Still, Hur’s assessment is sure to provide powerful new lines of attack for former President Donald J. Trump. Trump has long sought to sow doubt about Biden’s suitability for office, and has been trying to discredit the Justice Department for its much more serious investigation into Trump’s withholding of classified materials after leaving office and their alleged obstruction of the government’s efforts to recover them.

Hur’s report includes a photo of the open box where the FBI found classified documents from Afghanistan in Biden’s cluttered garage, next to a ladder and old exercise equipment, and another image of sensitive materials stored in a cardboard bank box. .

Similar images taken during the 2022 search of Trump’s Florida resort, Mar-a-Lago, showed that he had stored boxes in a bathroom that could be accessed by visitors. After Hur’s report became public, Trump sent the image of Biden’s garage through his campaign email account, along with the claim, unsupported by any evidence, that he had been “much more cooperative.” than Biden.

In fact, Hur noted that Biden had cooperated fully with the investigation, allowing investigators unhindered access to his properties. Trump has been accused of misleading the government for months about the hundreds of highly classified documents he had in his possession and having his staff move boxes while officials sought their return.

In the report’s introduction, Hur suggested that Biden’s cooperation with investigators was a factor in his decision not to press charges.

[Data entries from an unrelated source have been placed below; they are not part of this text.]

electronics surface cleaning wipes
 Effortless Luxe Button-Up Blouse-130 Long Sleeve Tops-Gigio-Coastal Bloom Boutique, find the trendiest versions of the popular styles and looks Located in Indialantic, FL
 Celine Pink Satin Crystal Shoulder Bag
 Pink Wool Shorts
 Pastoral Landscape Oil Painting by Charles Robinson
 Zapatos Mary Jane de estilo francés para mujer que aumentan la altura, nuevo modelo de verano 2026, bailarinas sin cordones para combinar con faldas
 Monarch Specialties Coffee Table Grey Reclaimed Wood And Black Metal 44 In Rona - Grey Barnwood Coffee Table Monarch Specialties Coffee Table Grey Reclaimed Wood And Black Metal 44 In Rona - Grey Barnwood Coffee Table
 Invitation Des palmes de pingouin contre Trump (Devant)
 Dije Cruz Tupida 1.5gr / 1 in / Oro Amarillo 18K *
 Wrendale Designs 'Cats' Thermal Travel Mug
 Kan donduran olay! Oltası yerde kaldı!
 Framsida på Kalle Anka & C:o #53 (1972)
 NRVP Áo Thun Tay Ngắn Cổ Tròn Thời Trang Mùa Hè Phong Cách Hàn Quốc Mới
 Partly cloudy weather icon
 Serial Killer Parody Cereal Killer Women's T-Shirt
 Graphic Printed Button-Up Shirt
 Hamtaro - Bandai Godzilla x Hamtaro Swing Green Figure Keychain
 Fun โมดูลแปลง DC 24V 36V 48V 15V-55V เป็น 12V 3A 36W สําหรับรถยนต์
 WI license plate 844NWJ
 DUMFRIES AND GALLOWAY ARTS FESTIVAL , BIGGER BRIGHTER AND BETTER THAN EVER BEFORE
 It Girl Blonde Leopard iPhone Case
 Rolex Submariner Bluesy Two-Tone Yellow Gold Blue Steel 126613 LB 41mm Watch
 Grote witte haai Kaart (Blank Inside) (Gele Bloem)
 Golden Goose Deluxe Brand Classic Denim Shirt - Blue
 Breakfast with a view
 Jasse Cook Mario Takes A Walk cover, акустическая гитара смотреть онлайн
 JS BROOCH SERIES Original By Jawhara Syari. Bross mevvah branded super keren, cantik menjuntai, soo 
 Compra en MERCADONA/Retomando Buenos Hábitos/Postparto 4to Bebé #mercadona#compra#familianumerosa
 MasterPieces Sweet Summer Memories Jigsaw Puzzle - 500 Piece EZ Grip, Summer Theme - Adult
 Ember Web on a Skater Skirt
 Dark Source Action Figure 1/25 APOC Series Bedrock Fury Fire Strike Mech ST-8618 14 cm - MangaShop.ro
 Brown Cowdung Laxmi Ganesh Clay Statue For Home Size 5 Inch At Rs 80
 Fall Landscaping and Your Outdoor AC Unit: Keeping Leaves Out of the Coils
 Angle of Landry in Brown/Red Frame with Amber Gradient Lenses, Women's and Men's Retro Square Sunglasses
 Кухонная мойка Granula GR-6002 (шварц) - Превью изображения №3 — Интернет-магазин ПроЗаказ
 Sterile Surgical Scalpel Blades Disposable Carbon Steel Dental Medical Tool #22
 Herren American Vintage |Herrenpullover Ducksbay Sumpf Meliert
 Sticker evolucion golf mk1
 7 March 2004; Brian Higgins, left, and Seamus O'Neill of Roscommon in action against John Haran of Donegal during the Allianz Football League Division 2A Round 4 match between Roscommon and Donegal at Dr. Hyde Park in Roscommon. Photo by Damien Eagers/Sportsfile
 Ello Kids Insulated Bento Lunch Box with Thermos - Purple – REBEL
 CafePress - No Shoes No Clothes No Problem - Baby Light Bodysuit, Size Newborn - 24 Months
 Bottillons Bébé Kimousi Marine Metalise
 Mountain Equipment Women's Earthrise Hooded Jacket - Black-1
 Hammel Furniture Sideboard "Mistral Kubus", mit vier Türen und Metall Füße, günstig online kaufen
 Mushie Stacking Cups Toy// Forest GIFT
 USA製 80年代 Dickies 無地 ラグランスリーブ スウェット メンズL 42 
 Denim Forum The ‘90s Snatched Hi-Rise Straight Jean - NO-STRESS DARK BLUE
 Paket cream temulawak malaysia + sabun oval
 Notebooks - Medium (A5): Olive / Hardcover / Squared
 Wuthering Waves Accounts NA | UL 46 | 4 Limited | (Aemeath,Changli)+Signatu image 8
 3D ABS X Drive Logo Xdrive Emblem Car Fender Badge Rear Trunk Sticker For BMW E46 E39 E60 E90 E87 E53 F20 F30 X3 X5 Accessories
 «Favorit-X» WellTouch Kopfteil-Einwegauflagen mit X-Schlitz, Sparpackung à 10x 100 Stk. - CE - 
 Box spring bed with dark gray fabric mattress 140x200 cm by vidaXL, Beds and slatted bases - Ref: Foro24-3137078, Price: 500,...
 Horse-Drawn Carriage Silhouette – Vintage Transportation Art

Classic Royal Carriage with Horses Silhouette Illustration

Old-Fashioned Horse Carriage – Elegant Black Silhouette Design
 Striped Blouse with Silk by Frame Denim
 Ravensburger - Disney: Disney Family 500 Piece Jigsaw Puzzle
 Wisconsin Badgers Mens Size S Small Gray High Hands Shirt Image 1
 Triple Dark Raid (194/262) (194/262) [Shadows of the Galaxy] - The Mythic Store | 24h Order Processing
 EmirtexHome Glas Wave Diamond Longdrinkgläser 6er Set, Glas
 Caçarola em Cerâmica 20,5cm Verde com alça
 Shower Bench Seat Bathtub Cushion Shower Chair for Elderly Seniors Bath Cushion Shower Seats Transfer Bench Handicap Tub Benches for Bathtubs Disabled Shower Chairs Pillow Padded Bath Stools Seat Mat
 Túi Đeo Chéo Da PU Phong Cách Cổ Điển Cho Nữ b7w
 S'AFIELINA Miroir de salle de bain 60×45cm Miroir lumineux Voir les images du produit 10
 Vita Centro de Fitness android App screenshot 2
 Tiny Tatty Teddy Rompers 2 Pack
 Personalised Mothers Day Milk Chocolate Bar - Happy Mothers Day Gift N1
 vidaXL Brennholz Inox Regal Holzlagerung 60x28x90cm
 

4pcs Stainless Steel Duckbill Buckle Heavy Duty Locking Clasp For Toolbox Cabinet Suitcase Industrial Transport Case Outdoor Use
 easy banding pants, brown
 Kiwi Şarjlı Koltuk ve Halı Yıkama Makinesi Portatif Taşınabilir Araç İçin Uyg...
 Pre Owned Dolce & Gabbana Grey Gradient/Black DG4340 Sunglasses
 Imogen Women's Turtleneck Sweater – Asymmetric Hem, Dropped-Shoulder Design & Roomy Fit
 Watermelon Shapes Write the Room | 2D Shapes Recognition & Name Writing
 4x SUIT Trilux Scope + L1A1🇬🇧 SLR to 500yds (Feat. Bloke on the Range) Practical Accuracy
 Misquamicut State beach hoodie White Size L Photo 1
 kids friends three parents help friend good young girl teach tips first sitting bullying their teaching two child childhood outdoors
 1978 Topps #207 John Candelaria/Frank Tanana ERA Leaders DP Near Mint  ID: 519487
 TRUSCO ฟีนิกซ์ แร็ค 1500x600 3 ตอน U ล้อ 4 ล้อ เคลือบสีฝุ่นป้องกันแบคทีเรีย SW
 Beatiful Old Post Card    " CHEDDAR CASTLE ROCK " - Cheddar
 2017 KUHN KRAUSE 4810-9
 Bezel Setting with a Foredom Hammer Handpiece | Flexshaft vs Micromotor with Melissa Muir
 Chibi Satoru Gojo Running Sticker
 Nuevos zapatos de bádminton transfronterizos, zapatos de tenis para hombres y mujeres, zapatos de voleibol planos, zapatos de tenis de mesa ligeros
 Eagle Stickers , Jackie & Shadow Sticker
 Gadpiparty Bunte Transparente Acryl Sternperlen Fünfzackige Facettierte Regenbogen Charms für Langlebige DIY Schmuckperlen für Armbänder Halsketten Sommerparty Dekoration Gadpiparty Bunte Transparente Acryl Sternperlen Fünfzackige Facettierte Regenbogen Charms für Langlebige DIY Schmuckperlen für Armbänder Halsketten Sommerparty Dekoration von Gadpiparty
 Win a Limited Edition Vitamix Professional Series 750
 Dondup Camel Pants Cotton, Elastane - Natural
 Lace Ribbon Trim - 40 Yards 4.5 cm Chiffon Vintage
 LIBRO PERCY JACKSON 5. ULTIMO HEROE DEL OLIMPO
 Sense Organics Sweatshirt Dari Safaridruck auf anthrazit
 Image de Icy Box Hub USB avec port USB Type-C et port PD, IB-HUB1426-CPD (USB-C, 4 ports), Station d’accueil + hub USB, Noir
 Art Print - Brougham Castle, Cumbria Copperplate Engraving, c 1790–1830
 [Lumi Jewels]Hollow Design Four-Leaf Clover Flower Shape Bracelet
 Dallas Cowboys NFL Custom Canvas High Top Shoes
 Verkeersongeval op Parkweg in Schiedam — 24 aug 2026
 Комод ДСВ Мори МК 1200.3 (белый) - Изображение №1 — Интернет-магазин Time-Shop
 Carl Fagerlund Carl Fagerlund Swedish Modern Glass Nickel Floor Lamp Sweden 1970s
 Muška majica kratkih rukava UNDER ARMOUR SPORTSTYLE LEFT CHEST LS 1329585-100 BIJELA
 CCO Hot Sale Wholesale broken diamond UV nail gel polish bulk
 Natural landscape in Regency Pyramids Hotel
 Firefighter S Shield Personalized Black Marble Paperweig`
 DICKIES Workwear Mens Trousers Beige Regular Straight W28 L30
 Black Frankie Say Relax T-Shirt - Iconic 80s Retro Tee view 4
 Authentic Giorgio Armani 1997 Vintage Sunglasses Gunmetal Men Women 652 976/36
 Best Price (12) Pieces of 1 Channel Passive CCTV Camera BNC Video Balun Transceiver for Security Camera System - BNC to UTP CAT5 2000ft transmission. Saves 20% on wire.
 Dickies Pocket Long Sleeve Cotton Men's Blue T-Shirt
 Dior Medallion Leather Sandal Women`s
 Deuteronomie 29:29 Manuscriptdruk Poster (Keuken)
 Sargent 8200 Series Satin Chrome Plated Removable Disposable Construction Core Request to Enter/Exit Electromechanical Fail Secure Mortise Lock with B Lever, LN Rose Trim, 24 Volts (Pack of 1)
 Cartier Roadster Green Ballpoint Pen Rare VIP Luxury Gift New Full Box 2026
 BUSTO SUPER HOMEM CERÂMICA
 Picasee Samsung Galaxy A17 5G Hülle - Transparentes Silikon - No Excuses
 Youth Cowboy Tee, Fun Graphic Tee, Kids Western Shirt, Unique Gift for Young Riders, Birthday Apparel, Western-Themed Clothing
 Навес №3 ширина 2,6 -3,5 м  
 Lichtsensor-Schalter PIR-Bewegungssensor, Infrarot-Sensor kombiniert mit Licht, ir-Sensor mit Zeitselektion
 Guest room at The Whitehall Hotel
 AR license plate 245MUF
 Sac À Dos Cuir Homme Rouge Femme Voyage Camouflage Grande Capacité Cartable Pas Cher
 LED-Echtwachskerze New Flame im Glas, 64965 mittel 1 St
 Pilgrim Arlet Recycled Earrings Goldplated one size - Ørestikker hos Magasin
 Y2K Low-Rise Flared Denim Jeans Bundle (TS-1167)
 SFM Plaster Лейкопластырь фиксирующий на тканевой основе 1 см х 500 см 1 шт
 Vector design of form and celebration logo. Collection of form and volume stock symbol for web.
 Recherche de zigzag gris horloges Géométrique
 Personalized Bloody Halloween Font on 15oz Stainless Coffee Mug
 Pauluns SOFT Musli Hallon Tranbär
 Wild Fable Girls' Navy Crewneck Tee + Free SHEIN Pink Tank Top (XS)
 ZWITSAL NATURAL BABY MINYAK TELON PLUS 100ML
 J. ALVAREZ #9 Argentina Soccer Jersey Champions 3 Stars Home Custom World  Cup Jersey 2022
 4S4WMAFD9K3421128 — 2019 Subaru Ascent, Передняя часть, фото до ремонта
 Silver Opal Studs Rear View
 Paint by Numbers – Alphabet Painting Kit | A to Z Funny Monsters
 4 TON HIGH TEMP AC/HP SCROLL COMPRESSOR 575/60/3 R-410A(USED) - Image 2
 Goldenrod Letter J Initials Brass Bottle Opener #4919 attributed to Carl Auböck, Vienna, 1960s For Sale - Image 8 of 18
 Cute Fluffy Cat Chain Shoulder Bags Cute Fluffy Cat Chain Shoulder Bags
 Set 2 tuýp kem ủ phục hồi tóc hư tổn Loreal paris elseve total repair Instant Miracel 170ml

Unlike Biden, Trump refused to return the materials he withheld “after being given multiple opportunities to return the documents and avoid prosecution,” he wrote.

Hur was subject to a Justice Department legal policy that makes sitting presidents immune from being charged with crimes while in office. But he said his decision not to pursue criminal charges would have been the same even if regulations had allowed him to charge Biden.

The special counsel conducted 173 interviews, including those of Biden and his top advisers, and examined hundreds of thousands of documents. Some of the material was collected before Hur took over the investigation, when Garland assigned John R. Lausch Jr., then a Trump-appointed federal prosecutor in Chicago, to conduct preliminary investigations.

It was Lausch who recommended appointing a special prosecutor, department officials said.

Some of the classified material related to Biden’s 2009 opposition to the temporary troop surge in Afghanistan supported by President Barack Obama’s team, which he viewed as “a Vietnam-like mistake,” Hur wrote.

Other documents referred more broadly to Biden’s attempt to “document his legacy and cite evidence that he was a presidential wooden man,” the report notes.

In a recorded conversation at a rental property in Virginia in February 2017, a month after leaving office, Biden told his ghostwriter that he “just found all the stuff classified downstairs.”

Hur said the exchange was the strongest basis for a prosecution he had found. But he concluded that a jury was unlikely to convict Biden, given that he had become accustomed to legally retaining documents as vice president, may not have fully adapted to the new restrictions, and believed he had a right to retain his personal notes. – based on President Ronald Reagan’s withholding of similar materials for decades.

In his interview with investigators, Biden declared that his notebooks were “my property” and said that “every president before me has done the same thing,” singling out Reagan.

The special counsel said Biden was wrong about the law, but admitted that his opinion “finds some support in historical practice.”

Hur said the decision not to charge Biden with possessing the other classified materials was simpler: Prosecutors could not establish whether the classified documents discovered in Biden’s home had been intentionally withheld or obtained during his vice presidency. Presidency and poorly stored.

Classified documents discovered in Biden’s Delaware garage in a “badly damaged box surrounded by household debris” indicated that he may have simply forgotten he had them over the years, rather than intentionally breaking the law, Hur concluded.

charlie wild contributed with reports.